When you specify all of your types for all of your functions, you have everything in front of you when examining your code. You haven’t written a series of instructions for telling a machine what to do, and you therefore aren’t having to mentally track the hidden contents of various memory stores and stateful objects. Instead, you have stated what the shape of your data should be and what sorts of transformations (i.e. functions) you would like to perform on that data.

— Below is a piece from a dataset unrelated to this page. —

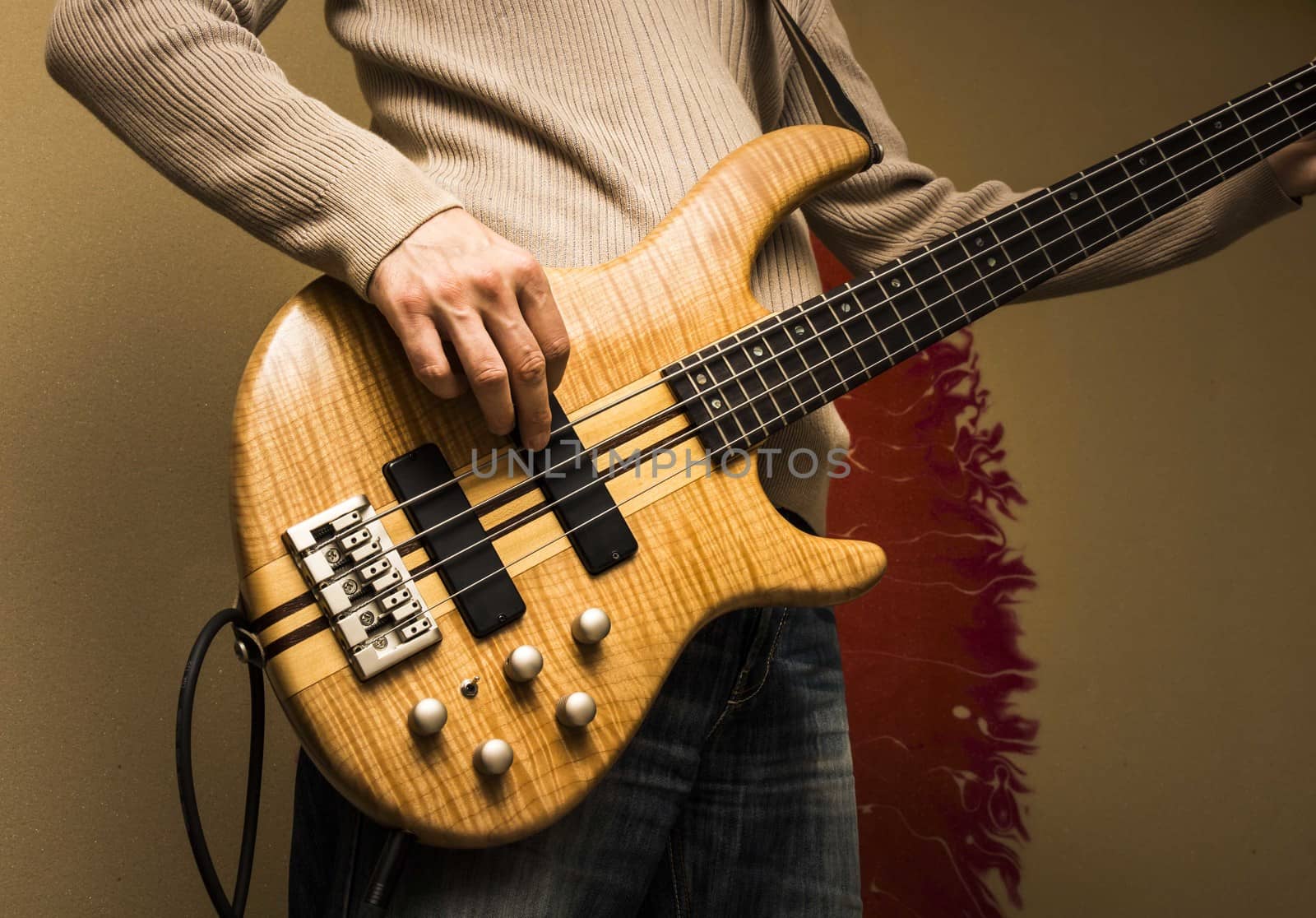 Young man with a bass guitar, front view by snowwhite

You have, that is, written your program in a declarative style, and that ought to be even more compelling than the notion of a functional style.
You may also be surprised to learn that this sort of programming is far and away the most common in the world. People who work with numbers like to have pure functions—functions with predictable outputs—and they like to have all their data represented in clearly-defined, that is to say clearly-validated, types. They do not want to have to look at a screen of text and numbers and just guess what they’re supposed to mean. Millions of spreadsheet users can’t be wrong: declarative programming is the way to go.